True patriotism is necessarily libertarian, at least with a small “l,” involving a suspicion of “gummint” bordering on polite, and even not so polite, hostility. Beginning with the neighborhood, the patriot sees that politicians never deliver the real goods, that maybe you can fight City Hall, sometimes, and even work with City Hall, occasionally, but that it isn’t often worth the effort, entirely apart from utopian theories about taxation being theft and so on. And what is true of City Hall goes for the State House in spades, never mind the White House, or that Tower of Babel up on the East River. You just have to do for yourself as best you can, and decent folks will pitch in with their neighbors as well, without a bayonet at their backs. If you are a Christian, or claim to be, the Gospel of the Samaritan is clear: Don’t ask who your neighbor is; just act like one. And if you are at all honest, you will think of good people who did just that, as often as not without a written scripture to guide them — though for some reason we take so much pleasure in rather remembering all the others. In excruciating detail.

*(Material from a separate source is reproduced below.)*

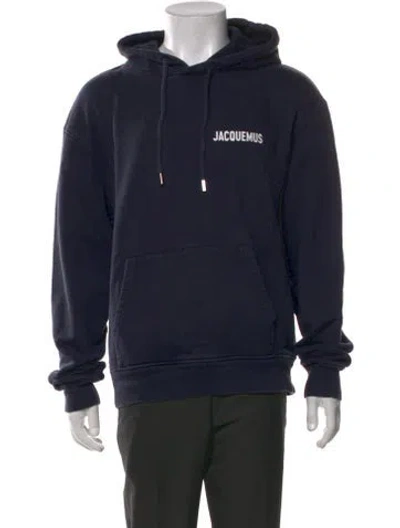 Pre-owned Jacquemus Crew Neck Long Sleeve Hoodie In Blue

Why is Carol Nicholson — and she speaks for a great many of our generation — not a patriot? I think it is because the idea of patriotism she has been taught is itself un-American, and she is too much of an American to buy into it. But there are other, older traditions of American patriotism, which it looks like that younger folks are beginning to recover, and I have some hope that they will flourish again when our generation, the shameful generation of George Bush and Hillary Clinton, is gathered to its sadly bemused fathers.